A host of tiny letters dances through the air, flung hither and thither by the breeze, black marks printed on a grey page of clouds. Some scatter across the grass, others fly up into the swaying branches of a nearby tree where they catch amongst the bare twigs and riotously flutter out of reach. In the midst of the type characters, I watch whole words pitching up and down high above my head, dispersing chaotically, and colliding senselessly into one another. Dry leaves of paper are tossed into the atmosphere. Torn pages blow in every direction like small tumbling birds, wings powerless to direct their flight.

I stretch my arms out, leaping and grabbing in an ineffectual attempt to retrieve the jumble of letters, words and paper scraps but they lurch further into the sky, well beyond the reach of my fingers.

I shout in frustration but I am robbed even of wordless sound as it too is seized instantly by the wind and flung aside like winter debris.

No matter how hard I try, I cannot catch all the fragments whirling round about me.
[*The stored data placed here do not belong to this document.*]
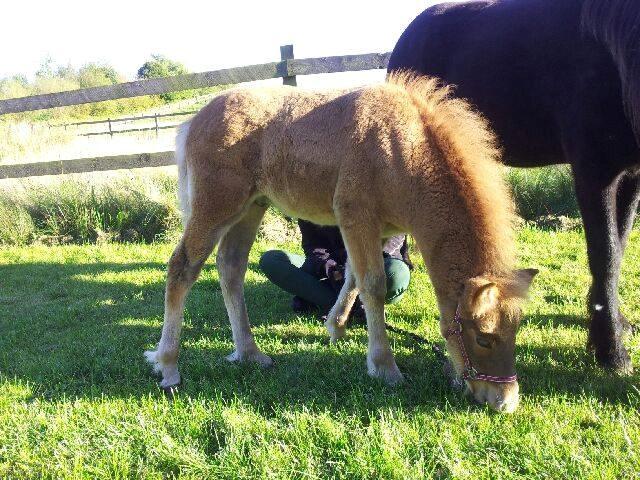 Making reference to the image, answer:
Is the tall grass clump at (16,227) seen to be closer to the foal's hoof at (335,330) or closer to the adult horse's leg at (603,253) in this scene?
the foal's hoof at (335,330)

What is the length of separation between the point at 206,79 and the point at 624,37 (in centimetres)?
705

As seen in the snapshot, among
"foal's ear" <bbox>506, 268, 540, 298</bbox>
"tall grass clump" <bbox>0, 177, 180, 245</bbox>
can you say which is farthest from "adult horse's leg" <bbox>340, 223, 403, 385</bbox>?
"tall grass clump" <bbox>0, 177, 180, 245</bbox>

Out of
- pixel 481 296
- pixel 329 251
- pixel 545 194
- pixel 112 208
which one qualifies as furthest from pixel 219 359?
pixel 545 194

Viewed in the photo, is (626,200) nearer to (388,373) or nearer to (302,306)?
(388,373)

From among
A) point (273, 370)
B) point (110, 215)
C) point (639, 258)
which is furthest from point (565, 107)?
point (110, 215)

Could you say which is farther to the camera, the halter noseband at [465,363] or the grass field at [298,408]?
the halter noseband at [465,363]

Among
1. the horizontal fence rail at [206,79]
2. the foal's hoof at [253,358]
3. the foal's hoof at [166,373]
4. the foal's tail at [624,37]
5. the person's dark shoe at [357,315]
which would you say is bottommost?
the person's dark shoe at [357,315]

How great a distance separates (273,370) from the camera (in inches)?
140

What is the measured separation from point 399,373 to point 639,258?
155 inches

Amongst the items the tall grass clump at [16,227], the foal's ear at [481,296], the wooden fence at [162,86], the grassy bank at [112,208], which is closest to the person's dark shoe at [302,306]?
the foal's ear at [481,296]

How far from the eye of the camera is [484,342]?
279 cm

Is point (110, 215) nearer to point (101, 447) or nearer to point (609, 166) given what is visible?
point (101, 447)

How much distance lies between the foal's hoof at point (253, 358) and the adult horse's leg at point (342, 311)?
55 cm

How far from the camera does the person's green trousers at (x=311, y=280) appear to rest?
452 centimetres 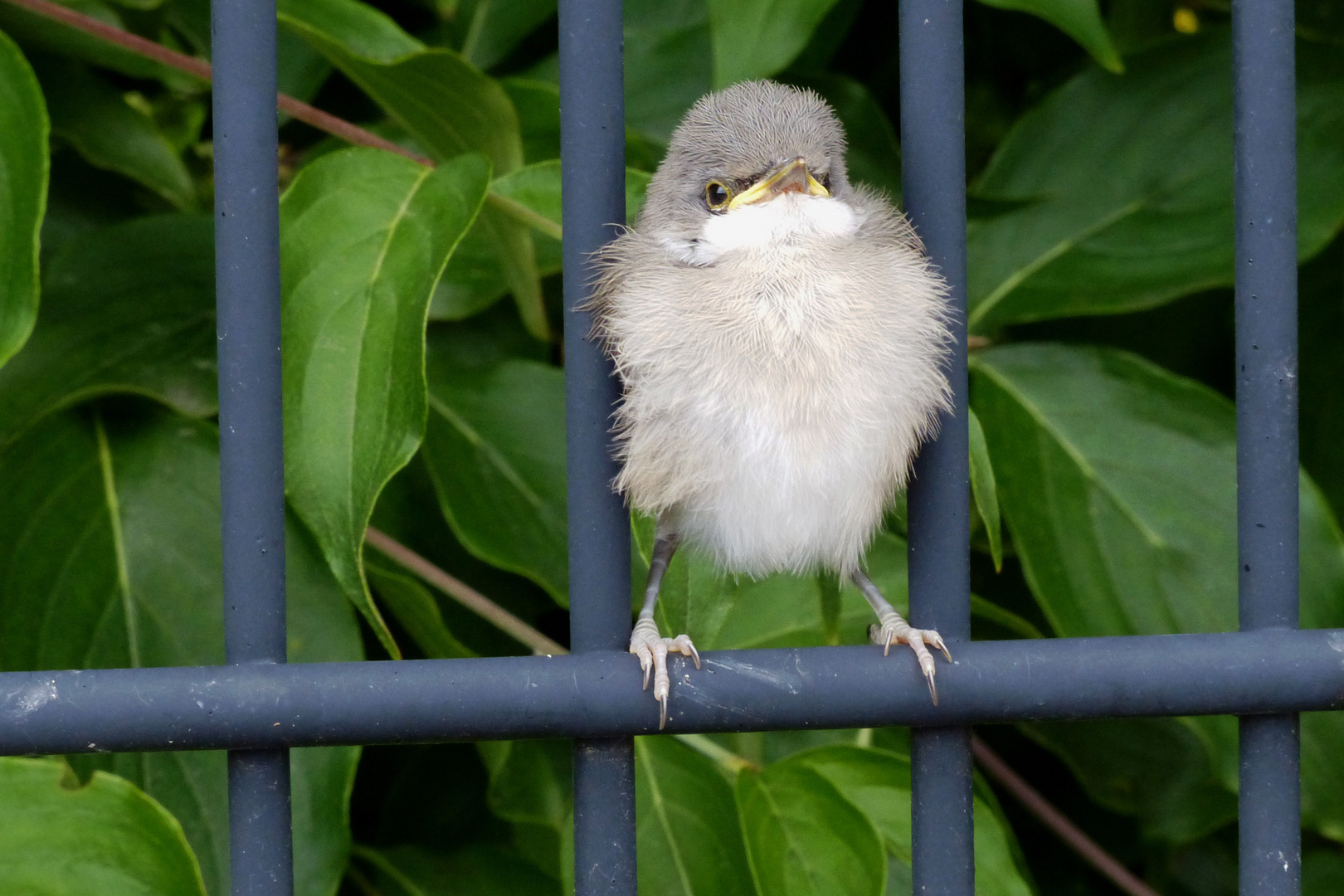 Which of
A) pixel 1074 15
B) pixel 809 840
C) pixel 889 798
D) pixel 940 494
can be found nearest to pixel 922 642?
pixel 940 494

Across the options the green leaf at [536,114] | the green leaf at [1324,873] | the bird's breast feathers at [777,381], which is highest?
the green leaf at [536,114]

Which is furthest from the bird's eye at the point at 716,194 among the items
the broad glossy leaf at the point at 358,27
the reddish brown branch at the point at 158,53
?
the broad glossy leaf at the point at 358,27

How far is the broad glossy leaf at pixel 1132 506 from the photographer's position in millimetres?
1827

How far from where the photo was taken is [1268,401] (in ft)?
4.03

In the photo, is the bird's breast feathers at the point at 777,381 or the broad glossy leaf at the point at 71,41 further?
the broad glossy leaf at the point at 71,41

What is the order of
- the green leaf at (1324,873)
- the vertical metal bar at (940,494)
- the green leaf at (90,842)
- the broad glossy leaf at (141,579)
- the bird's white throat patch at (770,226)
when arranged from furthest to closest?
the green leaf at (1324,873) → the broad glossy leaf at (141,579) → the bird's white throat patch at (770,226) → the green leaf at (90,842) → the vertical metal bar at (940,494)

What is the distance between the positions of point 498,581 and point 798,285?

If I could just gather them all together in one place out of this wind, I can perhaps begin to figure out how to stitch them into comprehensible sentences but the wind is far too strong. Everything eludes my grasp.

As I stand buffeted and bewildered, I suddenly notice the man. He is seated on the ground beneath the tree. I hadn’t seen him before, having been too busy in my frantic activity. As he sits, he calmly plucks letters and words from the air, capturing them in his hands. The wind whips his hair across his face and as he tilts his head sideways to shift the strands, he looks up at me and smiles. He doesn’t speak, but simply carries on effortlessly catching words. My words. One by one, the pieces are carried by the turbulent currents towards him and into his hands where they remain, no longer affected by the wind.

The scene ends there, just a brief flare of the imagination. A thought that drops into my mind as I attempt to pray one day. An attempt that feels just like chasing words in the wind. 

The cross winds of life can make prayer a difficult and sometimes impossible task for us. How do we order everything that we are thinking and feeling into words that can be called prayer?

What a relief to picture Jesus smiling his reassurance to us.

‘It’s all right, I’ve got this. Stop trying so hard and instead trust what I can do. I’m out here in the wind with you even though you didn’t notice me. I am your prayer maker.’

It’s OK that we don’t know how to pray sometimes. Jesus will write our prayers for us. He knows us far better than we can ever know ourselves anyway and he knows that when stormy winds blow in our souls, we need his help. We can stop being so hard on ourselves. We can stop reaching and struggling. If you don’t have words for your heart, then simply bring your heart. Jesus takes the heavy sighing efforts of our souls and makes them pure expressions of prayer..



‘Meanwhile, the moment we get tired in the waiting, 
God’s Spirit is right alongside helping us along.
 If we don’t know how or what to pray, it doesn’t matter. 
He does our praying in and for us, 
making prayer out of wordless sighs, 
our aching groans.’
Romans 8:26 (Msg)




Perhaps when strong soul winds are swirling words beyond our grasp, the best thing to do is go and sit beside Jesus under the tree and rest knowing that he has it all under control. Wordlessly sit in a posture of prayer and allow his Spirit to suffuse us with peaceful reassurance.